Hristiyanlık Koronavirüs Konusunda Hiçbir Açıklamada Bulunmaz


Zaten bulunmaması gerekir

Bir çok Hristiyan için, korona virüsü sebebiyle gelen sınırlamalar Alçalış Dönemine denk gelmiştir. Geleneksel olarak bu dönem bir şeylerden feragat etme dönemidir. Ne var ki şu an getirilen kısıtlamalar-gösterilerin olmaması, okulların kapatılması, 65 yaş üstü kişilerin bir nevi hapsinde olması vs.-Alçalış Dönemindeki fedakarlıklarımızı gülünç hale getirir. Çikolata yememek ya da içki içmemek dostlarımızı, torunlarımızı görememekle ya da bir kafeye ya da kiliseye gidememekle kıyaslanınca bir hiçtir.
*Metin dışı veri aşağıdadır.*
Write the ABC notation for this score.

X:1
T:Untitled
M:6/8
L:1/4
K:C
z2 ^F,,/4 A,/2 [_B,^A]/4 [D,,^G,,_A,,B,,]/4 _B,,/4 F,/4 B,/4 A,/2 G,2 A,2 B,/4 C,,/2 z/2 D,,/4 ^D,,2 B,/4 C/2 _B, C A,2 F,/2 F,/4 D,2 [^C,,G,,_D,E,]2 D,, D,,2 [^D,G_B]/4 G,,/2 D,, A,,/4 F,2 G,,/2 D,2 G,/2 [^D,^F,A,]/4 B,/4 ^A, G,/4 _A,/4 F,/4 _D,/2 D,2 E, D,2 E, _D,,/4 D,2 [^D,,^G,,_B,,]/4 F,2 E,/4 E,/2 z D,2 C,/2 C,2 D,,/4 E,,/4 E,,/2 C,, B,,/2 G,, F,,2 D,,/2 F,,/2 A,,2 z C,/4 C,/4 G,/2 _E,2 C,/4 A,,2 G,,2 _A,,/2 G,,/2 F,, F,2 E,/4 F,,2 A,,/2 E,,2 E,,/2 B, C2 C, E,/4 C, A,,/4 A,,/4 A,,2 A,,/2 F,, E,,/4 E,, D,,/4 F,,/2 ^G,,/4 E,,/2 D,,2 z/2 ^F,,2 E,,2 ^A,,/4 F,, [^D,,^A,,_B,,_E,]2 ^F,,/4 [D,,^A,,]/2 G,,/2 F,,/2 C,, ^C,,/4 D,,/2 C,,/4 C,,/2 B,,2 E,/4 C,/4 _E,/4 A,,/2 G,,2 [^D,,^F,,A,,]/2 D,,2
Normal şartlar altında bedenen bir araya gelmemizin bir sebebi vardır. Tecritin ağır bir ceza olmasının bir sebebi vardır.

Bu dönemde yaşadığımız bu Alçalış’ın öngörülebilir bir Diriliş Bayramı bile yok. ‘Şu kadar gün kaldı’ bile diyemiyoruz. Bir sakinlik var ama bu dinlenmenin değil, bekleyiş içindeki endişeli bir hüznün sakinliğidir.

Şüphesiz, duymaya alışık olduğumuz bir takım sesler Tanrı’nın bize bunu neden yaptığını açıklamaya çalışacaktır. Bir ceza mı? Bir uyarı mı? Belki de bir işaret. Bu tür Hristiyanımsı refleksif tepkiler, nesiller önce rasyonalizmi (mantıkçılığı) kucaklamış bir kültürün sonucudur. Bu bakış açısına göre her şeyin bir açıklaması olmalı. Peki ama ya öyle değilse? Ya gerçek anlamdaki insani bilgelik, bir takım garip gurup spekülasyonları paketleyip ‘tamamdır, değil mi?’ demek değilse? Ya T. S. Eliot’un 1940’lu yılların başında fark ettiği üzere verilebilecek tek öğüt yanlış şeyi ummamak adına umut etmeden beklemekse?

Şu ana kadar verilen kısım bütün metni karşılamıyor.